Em seus dois julgamentos, Khodorkovsky sempre alegou inocência e disse que jamais admitira sua culpa, nem para ser perdoado. Durante dez longos anos em uma prisão no norte do país, ele manteve sua palavra, por isso a notícia de sua liberação pegou a todos de surpresa, inclusive seus advogados e sua mãe, que foi a grande “motivadora” de Putin para libertar Khodorkovsky: ela estaria seriamente doente, fazendo o ex-magnata pedir clemência.
“Seguindo a lei, Mikhail Borisovich [Khodorkovky] deveria ter escrito o documento necessário [pedido de perdão], o que ele não fez, mas recentemente ele me escreveu esse pedido de clemência”, disse Putin.

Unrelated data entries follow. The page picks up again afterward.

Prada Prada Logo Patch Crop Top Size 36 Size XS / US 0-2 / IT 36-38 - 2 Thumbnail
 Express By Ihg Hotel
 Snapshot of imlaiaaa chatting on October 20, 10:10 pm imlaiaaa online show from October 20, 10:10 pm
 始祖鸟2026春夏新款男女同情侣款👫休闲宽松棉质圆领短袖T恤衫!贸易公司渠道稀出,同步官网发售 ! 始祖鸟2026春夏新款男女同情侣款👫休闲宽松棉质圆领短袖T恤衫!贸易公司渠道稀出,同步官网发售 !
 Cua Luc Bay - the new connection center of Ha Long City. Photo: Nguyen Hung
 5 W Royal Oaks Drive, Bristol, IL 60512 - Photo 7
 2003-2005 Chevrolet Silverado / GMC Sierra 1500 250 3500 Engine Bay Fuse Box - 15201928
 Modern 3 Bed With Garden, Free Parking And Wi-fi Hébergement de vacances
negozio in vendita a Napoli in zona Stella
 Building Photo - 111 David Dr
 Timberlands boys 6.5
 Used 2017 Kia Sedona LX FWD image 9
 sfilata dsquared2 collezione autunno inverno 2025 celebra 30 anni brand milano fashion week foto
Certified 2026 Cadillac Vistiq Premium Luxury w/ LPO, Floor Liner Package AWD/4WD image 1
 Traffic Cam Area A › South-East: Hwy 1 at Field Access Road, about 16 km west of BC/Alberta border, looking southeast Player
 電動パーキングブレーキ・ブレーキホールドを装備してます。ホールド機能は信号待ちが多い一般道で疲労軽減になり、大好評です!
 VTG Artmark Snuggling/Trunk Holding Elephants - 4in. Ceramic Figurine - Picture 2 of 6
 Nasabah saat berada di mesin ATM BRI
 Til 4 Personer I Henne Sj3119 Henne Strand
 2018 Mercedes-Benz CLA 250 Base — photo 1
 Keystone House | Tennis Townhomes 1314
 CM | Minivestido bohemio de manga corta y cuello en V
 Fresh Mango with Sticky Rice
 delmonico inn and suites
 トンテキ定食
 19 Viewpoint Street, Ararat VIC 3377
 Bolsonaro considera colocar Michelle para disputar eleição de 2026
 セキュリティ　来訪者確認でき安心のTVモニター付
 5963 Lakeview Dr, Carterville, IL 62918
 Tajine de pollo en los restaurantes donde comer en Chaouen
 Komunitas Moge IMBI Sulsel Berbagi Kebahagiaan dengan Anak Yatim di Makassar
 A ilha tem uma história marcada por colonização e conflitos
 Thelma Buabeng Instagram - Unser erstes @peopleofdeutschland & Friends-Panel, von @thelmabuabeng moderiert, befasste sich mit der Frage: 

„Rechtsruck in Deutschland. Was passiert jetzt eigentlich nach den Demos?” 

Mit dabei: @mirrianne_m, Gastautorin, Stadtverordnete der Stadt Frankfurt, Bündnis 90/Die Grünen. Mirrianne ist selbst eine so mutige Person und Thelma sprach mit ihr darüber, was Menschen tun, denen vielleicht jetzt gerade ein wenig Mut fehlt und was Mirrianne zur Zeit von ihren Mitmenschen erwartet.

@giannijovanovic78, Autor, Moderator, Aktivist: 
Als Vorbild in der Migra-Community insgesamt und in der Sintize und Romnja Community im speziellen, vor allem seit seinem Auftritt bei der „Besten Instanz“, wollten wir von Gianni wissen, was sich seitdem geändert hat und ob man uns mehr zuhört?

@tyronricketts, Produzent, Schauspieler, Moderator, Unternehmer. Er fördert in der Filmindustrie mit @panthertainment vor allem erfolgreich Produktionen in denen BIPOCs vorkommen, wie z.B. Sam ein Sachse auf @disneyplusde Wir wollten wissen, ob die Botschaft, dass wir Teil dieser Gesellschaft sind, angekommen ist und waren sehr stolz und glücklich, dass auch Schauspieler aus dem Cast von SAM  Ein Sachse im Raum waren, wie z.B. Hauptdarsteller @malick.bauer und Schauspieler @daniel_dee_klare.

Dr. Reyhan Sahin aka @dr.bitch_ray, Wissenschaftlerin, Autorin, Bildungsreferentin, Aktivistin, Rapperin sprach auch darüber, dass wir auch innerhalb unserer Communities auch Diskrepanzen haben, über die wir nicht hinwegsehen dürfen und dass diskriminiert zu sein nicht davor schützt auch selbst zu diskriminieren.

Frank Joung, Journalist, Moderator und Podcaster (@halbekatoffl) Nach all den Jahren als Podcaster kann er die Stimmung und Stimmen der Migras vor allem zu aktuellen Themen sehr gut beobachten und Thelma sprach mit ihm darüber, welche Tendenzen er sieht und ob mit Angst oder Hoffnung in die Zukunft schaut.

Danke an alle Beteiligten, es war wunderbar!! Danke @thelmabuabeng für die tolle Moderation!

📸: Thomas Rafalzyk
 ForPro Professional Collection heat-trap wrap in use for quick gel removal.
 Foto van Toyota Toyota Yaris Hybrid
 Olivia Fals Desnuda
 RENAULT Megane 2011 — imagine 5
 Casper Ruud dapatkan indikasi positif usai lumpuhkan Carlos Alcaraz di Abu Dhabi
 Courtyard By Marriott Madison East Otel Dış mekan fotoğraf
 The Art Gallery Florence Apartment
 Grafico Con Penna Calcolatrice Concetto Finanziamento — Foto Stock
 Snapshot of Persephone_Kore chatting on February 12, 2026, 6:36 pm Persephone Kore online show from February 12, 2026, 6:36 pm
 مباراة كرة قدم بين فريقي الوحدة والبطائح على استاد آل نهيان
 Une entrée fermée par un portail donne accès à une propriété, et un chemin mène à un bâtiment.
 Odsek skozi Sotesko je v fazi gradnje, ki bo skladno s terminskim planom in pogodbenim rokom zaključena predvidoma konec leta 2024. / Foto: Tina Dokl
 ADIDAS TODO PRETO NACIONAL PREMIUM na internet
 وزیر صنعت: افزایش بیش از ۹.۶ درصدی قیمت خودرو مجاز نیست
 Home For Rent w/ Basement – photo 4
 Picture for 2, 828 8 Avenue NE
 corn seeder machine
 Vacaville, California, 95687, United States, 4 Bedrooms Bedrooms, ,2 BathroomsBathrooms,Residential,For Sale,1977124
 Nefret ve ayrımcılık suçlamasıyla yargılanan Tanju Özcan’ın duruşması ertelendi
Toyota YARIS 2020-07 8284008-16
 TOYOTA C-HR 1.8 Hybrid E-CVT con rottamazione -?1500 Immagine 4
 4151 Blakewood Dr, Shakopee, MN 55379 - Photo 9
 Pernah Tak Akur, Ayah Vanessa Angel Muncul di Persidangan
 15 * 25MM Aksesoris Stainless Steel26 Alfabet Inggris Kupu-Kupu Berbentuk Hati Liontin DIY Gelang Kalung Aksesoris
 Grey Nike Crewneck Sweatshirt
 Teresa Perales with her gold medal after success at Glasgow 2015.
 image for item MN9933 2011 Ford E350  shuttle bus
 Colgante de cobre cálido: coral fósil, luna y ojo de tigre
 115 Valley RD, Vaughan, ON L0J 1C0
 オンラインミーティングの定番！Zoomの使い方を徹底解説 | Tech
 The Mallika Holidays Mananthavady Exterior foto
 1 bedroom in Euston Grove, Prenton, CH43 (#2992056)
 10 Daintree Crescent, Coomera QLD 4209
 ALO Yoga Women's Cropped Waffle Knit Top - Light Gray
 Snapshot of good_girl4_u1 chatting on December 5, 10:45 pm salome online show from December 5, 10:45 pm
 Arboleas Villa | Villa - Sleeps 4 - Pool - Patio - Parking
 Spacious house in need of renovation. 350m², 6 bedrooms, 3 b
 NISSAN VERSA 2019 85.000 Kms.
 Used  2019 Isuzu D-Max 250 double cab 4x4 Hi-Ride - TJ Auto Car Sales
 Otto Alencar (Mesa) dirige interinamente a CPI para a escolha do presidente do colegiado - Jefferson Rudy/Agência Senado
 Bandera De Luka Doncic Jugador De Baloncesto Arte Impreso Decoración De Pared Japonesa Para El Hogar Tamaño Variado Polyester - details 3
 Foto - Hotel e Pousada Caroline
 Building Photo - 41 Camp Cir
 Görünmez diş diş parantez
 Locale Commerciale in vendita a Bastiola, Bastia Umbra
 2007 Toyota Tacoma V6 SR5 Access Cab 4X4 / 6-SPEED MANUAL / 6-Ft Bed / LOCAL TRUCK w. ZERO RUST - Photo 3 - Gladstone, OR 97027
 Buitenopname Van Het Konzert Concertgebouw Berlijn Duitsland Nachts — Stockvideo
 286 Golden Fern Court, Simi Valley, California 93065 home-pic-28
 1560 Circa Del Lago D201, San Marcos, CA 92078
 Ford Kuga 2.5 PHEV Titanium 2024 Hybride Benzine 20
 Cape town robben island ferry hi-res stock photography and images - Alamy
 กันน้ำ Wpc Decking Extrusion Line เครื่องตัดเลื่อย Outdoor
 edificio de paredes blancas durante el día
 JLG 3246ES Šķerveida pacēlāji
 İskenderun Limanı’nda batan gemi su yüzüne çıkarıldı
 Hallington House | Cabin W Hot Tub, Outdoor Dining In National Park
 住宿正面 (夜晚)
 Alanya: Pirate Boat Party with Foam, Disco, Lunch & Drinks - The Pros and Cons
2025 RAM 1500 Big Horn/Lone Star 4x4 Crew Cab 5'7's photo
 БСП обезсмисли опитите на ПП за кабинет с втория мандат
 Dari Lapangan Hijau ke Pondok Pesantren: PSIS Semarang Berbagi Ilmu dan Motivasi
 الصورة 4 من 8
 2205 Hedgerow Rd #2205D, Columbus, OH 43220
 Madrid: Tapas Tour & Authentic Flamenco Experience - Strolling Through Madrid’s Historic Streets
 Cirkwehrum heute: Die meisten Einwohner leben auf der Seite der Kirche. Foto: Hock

Fazer essa diferenciação entre “perdão” e “clemência” é crucial para o caso de Khodorkovsky, já que, em termos legais, o primeiro seria uma admissão de culpa, enquanto a segunda é apenas um apelo de misericórdia.
A motivação
A anistia para 25 mil prisioneiros - incluindo Pussy Riots, os 30 do Greenpeace e Khodorkovsky – tem gerado especulação mundial sobre as reais motivações de Putin para tal.
Muitos acreditam que essa seria uma maneira de Putin evitar o desgaste internacional de ter críticas quanto ao histórico russo nos direitos humanos – principalmente quanto à homossexualidade –, às vésperas das Olimpíadas de Inverno em Sochi, que se realizará em fevereiro próximo.
“Todos os dias temos novas notícias de algum líder mundial que decidiu não vir para os Jogos”, disse Andrei Piontkovsky, analista político independente e velho crítico do Kremlin. “Putin decidiu que algo precisava ser feito, especialmente quanto a Khodorkovsky, que é o prisioneiro político mais famoso na Rússia”, completa ele.
Isso sugere que a decisão de Moscou é um gesto para a comunidade internacional. O fato de o governo estar selecionando aqueles que serão libertados, principalmente os mais famosos no Ocidente, mostra que não se trata de uma guinada política quanto a direitos humanos.
O Futuro
Apesar de muitos russos ainda terem ressentimentos para com os oligarcas, que fizeram enormes fortunas enquanto a pobreza crescia na população, os dez anos que Khodorkovsky passou aprisionado, desafiando o Kremlin com tanto custo pessoal, parecem ter criado uma imagem de redenção para o público e a classe média urbana em geral. Principalmente pelo fato de, mesmo estando na cadeia, conseguir continuar com visibilidade, escrevendo em revistas e jornais, além de manter um website, se tornando um crítico ao sistema político russo, mesmo que com maior cautela do que no passado.
As opiniões quanto ao que será do futuro do ex-magnata divergem, muitos enxergam nele uma grande força, que pode unificar a desestruturada oposição ao governo russo, enquanto outros alegam que toda sua energia intelectual e política se foi com seu longo período na cadeia. Alguns chegaram a sugerir até mesmo um acordo secreto com Putin: liberdade em troca de silêncio.
Mas talvez ele apenas faça aquilo que ele disse mais estar querendo: passar seu tempo com a família.